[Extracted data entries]
- - - -

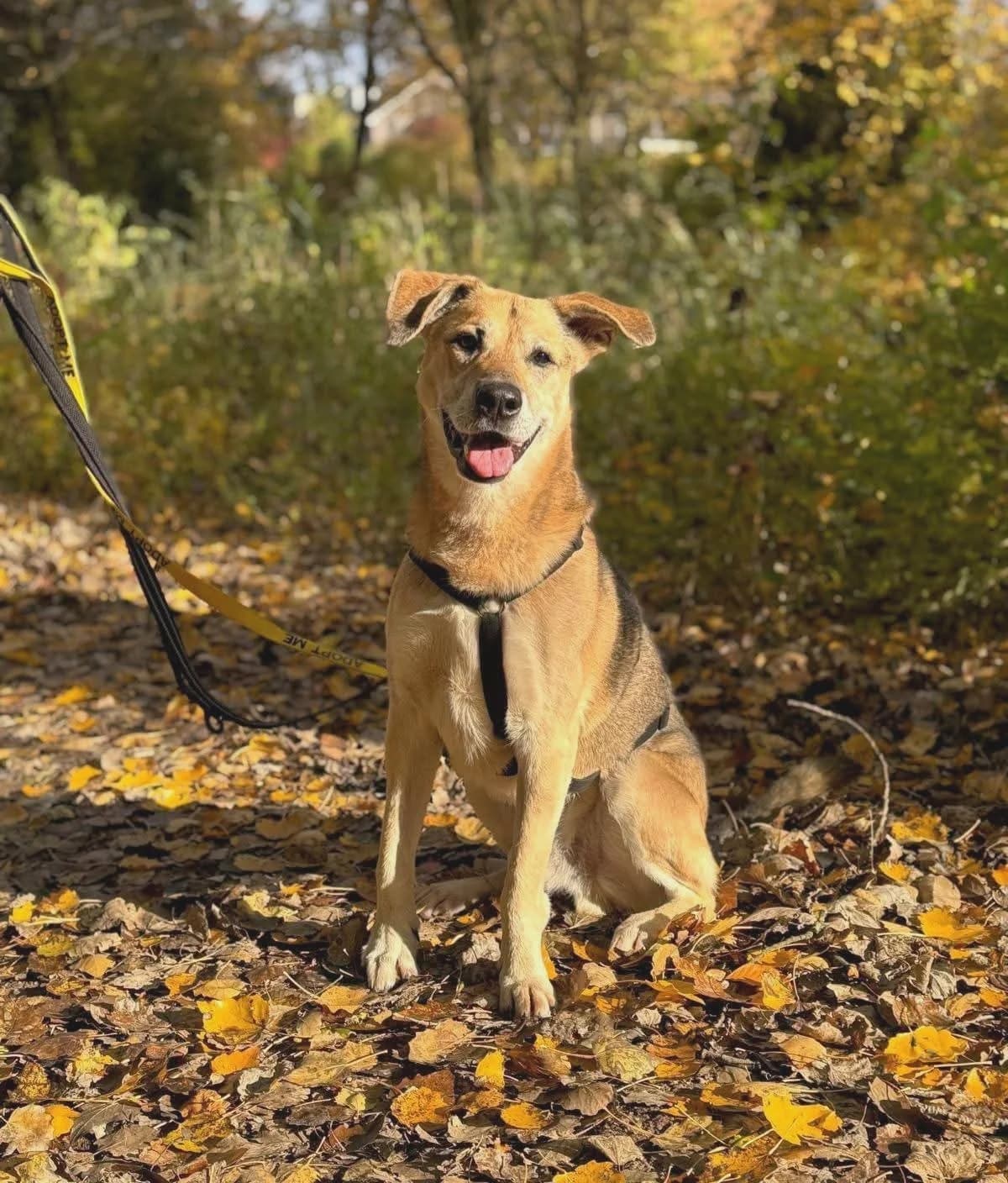 Angelo, Bruin/zwart male mixed breed for adoption at Stichting Rijpickerwaard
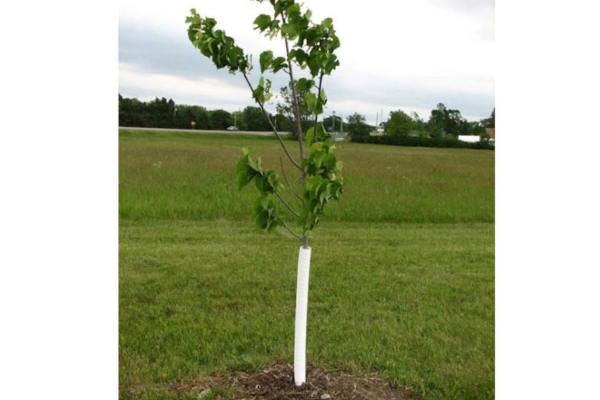 4\" X 36\" TREE PROTECTOR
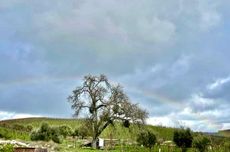 Rainbow over Tablas Creek.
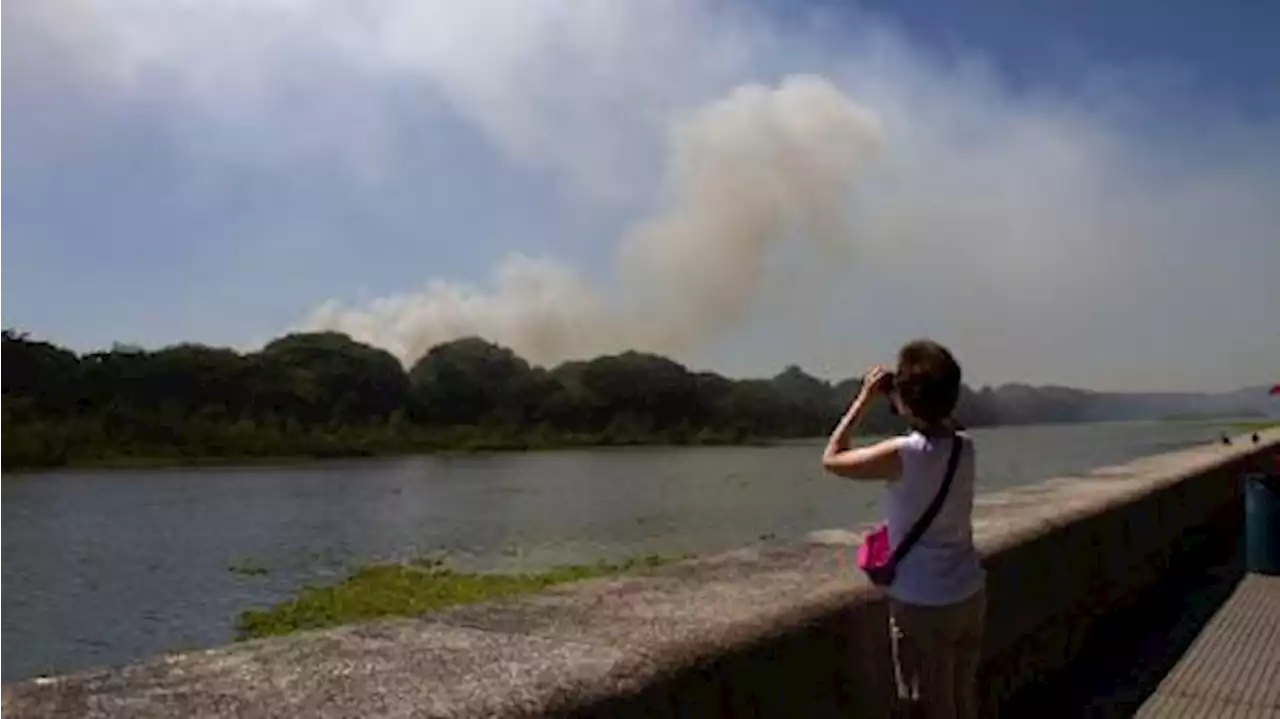 Investigan si los incendios en la Reserva Ecológica fueron intencionales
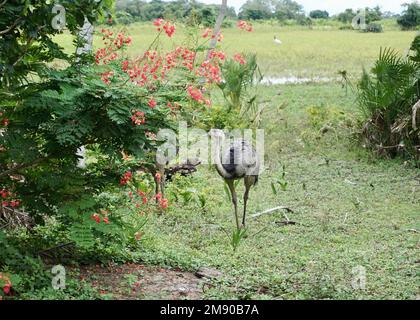 Südamerikanischer Strauß (emu), der auf einem Gras mit Blumen in Mato Grosso steht Stockfoto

- - - -

### THE TASK
Write out a verbatim copy of the lines from the line that contains "Rainbow over Tablas Creek." through the end of the entries above; pictures are not copied.

### ANSWER SPACE
 Rainbow over Tablas Creek.
 Investigan si los incendios en la Reserva Ecológica fueron intencionales
 Südamerikanischer Strauß (emu), der auf einem Gras mit Blumen in Mato Grosso steht Stockfoto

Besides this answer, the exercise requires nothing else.